■ Task inputs
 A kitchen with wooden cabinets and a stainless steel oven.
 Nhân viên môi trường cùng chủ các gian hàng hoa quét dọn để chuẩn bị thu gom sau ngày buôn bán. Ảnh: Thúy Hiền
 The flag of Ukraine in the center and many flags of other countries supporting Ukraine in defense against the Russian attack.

---

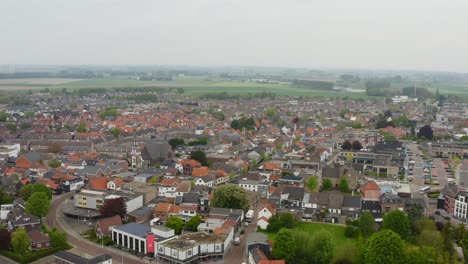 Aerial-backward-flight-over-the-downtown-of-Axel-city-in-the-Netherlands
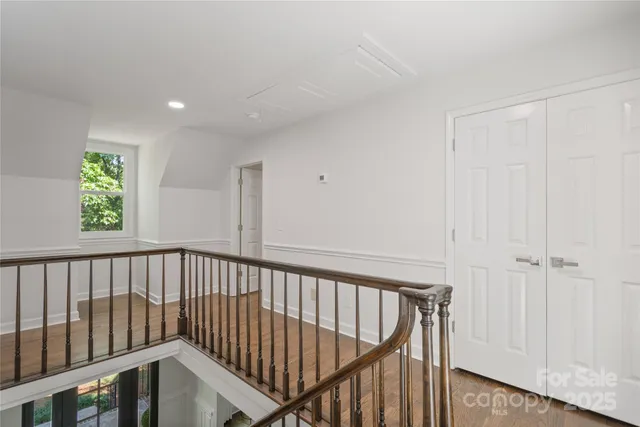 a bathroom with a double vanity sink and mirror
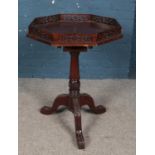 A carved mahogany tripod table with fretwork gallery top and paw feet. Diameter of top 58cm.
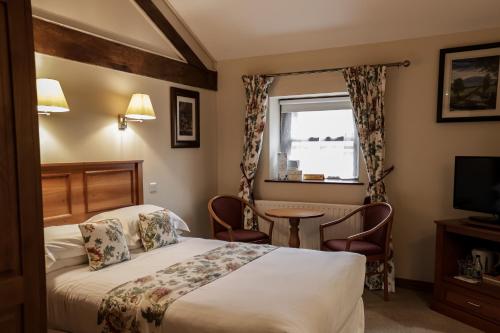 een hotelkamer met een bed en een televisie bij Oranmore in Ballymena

==

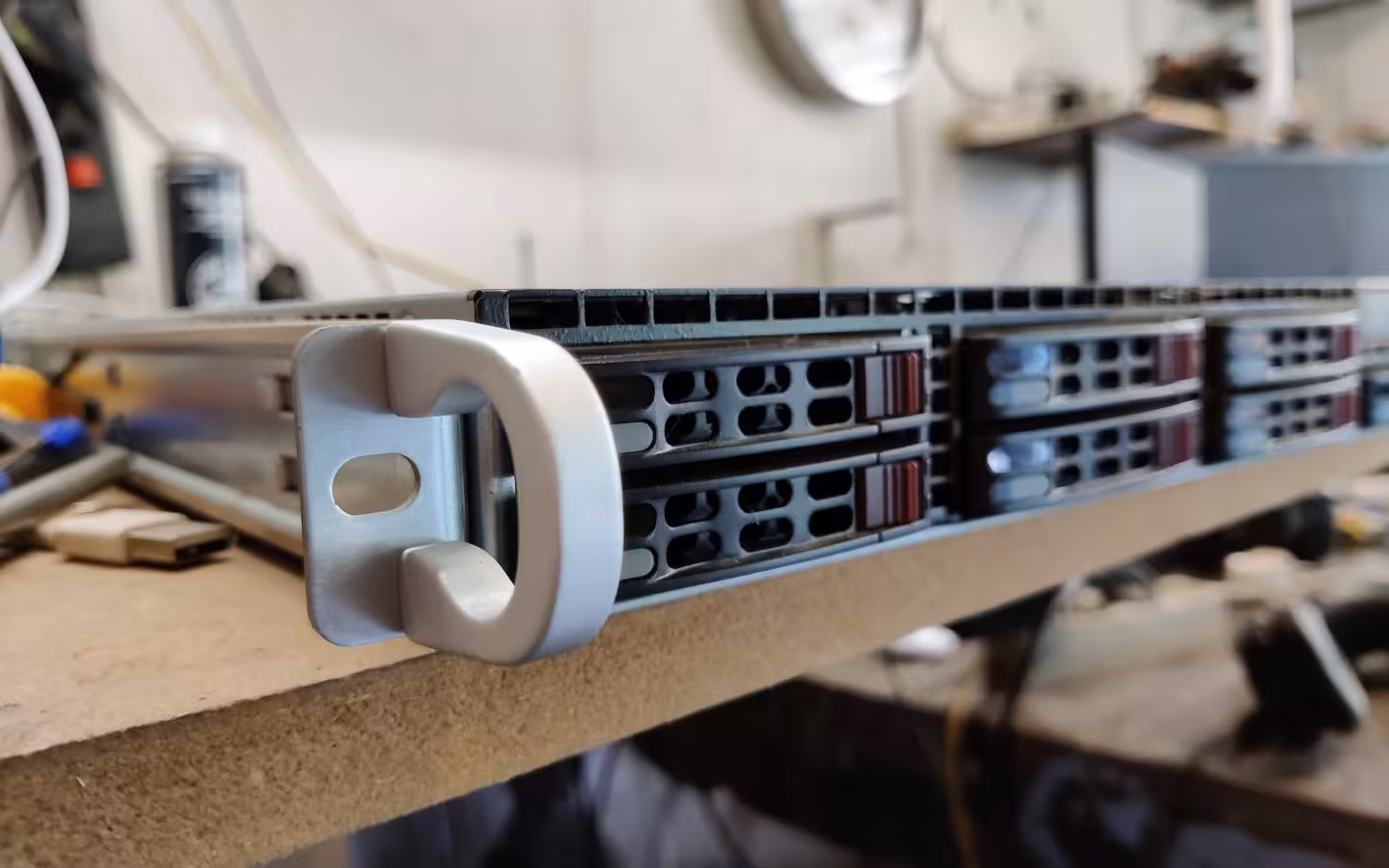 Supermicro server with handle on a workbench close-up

■ Aim of the task
Among the entries above, copy exactly only the lines starting with the one containing "A kitchen with" and going through the one containing "Nhân viên môi", both ends included.

■ Reply
 A kitchen with wooden cabinets and a stainless steel oven.
 Nhân viên môi trường cùng chủ các gian hàng hoa quét dọn để chuẩn bị thu gom sau ngày buôn bán. Ảnh: Thúy Hiền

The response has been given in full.